_GIVEN ENTRIES_:
=== Section Start ===

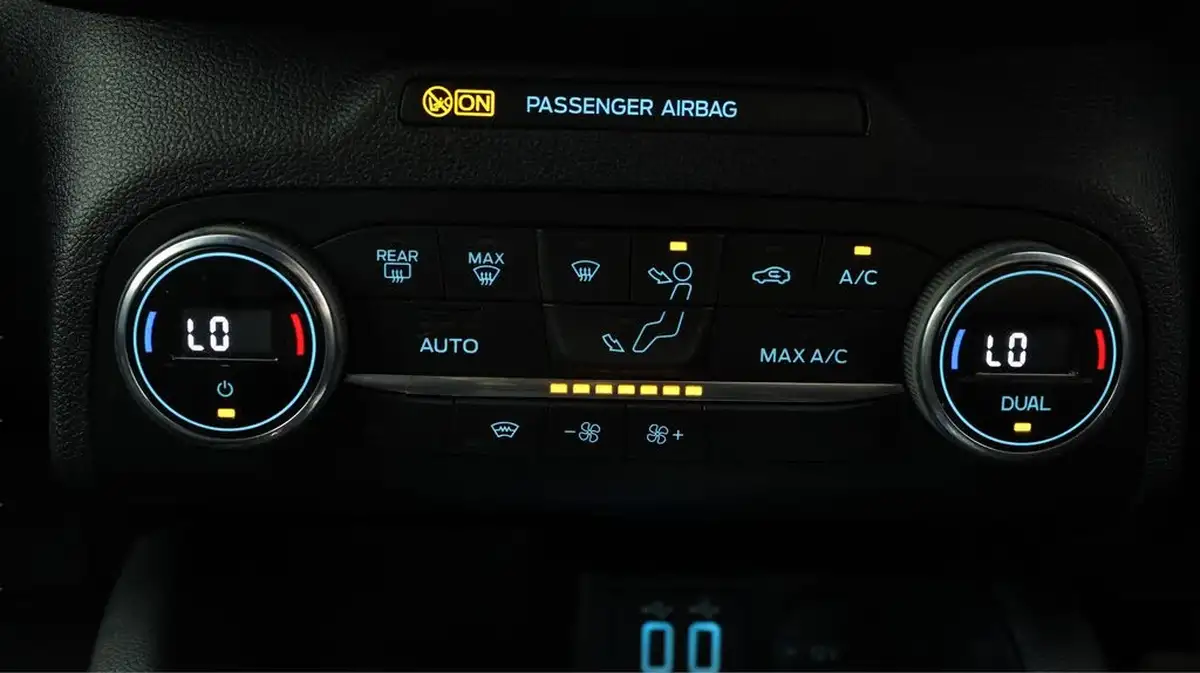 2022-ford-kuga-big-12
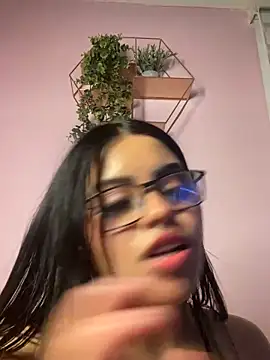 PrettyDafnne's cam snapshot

=== Section End ===
=== Section Start ===

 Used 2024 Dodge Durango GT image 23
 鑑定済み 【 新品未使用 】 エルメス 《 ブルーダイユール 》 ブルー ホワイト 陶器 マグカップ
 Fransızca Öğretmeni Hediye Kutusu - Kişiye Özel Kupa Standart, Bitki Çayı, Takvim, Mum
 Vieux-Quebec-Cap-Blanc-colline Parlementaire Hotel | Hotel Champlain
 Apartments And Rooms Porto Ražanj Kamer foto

=== Section End ===

_EXERCISE BRIEF_: Find where the line with "2022-ford-kuga-big-12" sits in the material above and where the line with "PrettyDafnne's cam snapshot" sits. Set down exactly the lines from the first to the second, both included and nothing else, without pictures.

_ANSWER FOR THE TASK_:
 2022-ford-kuga-big-12
 PrettyDafnne's cam snapshot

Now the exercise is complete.